What to work on:
Your answer must hold only the lines below from the line containing "Bekijk foto 1 van Bergstraat 4" through the line containing "Bedford Ave & Bergen St", each reproduced exactly.

[Records from a collection]
□ □ □ □ □ □ □
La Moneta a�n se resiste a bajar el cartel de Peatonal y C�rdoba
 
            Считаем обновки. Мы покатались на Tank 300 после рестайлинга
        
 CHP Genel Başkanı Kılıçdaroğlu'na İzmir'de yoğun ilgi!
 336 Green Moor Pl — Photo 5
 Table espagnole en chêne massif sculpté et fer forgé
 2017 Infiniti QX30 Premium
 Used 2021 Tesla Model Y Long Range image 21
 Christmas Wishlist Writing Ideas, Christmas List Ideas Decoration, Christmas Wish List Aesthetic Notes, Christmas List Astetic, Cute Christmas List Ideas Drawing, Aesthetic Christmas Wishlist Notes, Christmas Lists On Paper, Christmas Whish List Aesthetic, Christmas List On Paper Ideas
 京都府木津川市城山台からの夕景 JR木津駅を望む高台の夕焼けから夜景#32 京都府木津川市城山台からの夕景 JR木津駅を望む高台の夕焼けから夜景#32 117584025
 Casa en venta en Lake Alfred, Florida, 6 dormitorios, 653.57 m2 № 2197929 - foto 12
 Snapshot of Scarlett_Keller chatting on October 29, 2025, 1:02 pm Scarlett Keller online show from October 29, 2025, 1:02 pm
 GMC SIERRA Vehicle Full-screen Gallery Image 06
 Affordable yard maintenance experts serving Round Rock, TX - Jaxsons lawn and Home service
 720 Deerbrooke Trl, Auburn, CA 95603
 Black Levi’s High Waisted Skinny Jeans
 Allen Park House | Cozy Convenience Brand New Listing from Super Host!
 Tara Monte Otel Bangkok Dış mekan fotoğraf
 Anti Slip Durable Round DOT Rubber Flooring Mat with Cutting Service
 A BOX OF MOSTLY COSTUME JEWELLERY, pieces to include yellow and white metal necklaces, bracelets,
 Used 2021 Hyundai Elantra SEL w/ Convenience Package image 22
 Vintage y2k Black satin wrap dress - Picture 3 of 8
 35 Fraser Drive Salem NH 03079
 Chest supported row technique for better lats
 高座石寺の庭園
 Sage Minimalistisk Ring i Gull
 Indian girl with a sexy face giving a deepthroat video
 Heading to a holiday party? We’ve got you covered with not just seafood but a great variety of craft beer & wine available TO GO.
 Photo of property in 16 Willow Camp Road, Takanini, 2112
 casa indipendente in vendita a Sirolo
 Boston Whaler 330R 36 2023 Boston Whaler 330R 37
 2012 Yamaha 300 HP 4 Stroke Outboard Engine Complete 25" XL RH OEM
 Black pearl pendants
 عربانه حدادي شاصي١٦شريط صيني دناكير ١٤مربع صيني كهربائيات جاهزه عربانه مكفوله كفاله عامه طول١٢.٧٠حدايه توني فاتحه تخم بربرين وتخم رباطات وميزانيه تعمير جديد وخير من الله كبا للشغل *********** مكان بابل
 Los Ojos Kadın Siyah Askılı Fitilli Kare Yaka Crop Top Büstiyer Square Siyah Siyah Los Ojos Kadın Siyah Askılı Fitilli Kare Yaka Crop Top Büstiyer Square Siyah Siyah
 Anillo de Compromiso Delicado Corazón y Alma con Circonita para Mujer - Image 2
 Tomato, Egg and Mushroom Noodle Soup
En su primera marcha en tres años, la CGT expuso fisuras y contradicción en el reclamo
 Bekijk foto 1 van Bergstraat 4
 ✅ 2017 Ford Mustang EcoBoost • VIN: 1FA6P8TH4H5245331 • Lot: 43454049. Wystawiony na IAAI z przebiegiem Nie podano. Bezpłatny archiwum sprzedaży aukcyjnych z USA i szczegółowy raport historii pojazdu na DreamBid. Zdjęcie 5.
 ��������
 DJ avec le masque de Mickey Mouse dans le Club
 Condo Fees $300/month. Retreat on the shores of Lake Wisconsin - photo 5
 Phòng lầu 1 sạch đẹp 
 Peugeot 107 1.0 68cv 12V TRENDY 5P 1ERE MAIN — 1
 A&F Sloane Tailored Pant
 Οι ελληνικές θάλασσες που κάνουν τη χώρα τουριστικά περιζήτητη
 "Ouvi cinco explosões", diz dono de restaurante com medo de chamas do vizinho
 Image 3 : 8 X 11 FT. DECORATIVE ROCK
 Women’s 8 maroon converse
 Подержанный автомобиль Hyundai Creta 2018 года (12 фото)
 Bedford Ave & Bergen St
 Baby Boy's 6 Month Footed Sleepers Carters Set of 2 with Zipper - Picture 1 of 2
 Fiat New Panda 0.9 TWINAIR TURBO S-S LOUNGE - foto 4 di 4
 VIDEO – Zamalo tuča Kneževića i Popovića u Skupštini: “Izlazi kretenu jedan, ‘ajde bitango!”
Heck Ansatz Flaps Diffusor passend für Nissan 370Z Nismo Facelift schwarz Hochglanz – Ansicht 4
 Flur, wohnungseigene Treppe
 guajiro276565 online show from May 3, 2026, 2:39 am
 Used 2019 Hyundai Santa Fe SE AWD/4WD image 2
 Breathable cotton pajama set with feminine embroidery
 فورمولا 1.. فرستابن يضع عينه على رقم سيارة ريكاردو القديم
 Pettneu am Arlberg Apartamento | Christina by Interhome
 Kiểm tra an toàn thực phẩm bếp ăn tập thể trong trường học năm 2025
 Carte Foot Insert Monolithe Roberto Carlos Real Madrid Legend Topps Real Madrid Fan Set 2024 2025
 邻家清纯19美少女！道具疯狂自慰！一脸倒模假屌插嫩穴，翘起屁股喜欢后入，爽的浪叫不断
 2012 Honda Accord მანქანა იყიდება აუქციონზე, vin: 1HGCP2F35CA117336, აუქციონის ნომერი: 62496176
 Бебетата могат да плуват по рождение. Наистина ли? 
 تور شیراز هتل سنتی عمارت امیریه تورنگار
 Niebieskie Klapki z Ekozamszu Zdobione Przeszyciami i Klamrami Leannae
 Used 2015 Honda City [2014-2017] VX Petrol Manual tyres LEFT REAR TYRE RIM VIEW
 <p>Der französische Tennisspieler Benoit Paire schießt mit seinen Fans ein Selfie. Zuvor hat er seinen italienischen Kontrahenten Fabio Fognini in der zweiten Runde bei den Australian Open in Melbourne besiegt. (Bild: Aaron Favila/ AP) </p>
□ □ □ □ □ □ □
Exercise solution:
 Bekijk foto 1 van Bergstraat 4
 ✅ 2017 Ford Mustang EcoBoost • VIN: 1FA6P8TH4H5245331 • Lot: 43454049. Wystawiony na IAAI z przebiegiem Nie podano. Bezpłatny archiwum sprzedaży aukcyjnych z USA i szczegółowy raport historii pojazdu na DreamBid. Zdjęcie 5.
 ��������
 DJ avec le masque de Mickey Mouse dans le Club
 Condo Fees $300/month. Retreat on the shores of Lake Wisconsin - photo 5
 Phòng lầu 1 sạch đẹp 
 Peugeot 107 1.0 68cv 12V TRENDY 5P 1ERE MAIN — 1
 A&F Sloane Tailored Pant
 Οι ελληνικές θάλασσες που κάνουν τη χώρα τουριστικά περιζήτητη
 "Ouvi cinco explosões", diz dono de restaurante com medo de chamas do vizinho
 Image 3 : 8 X 11 FT. DECORATIVE ROCK
 Women’s 8 maroon converse
 Подержанный автомобиль Hyundai Creta 2018 года (12 фото)
 Bedford Ave & Bergen St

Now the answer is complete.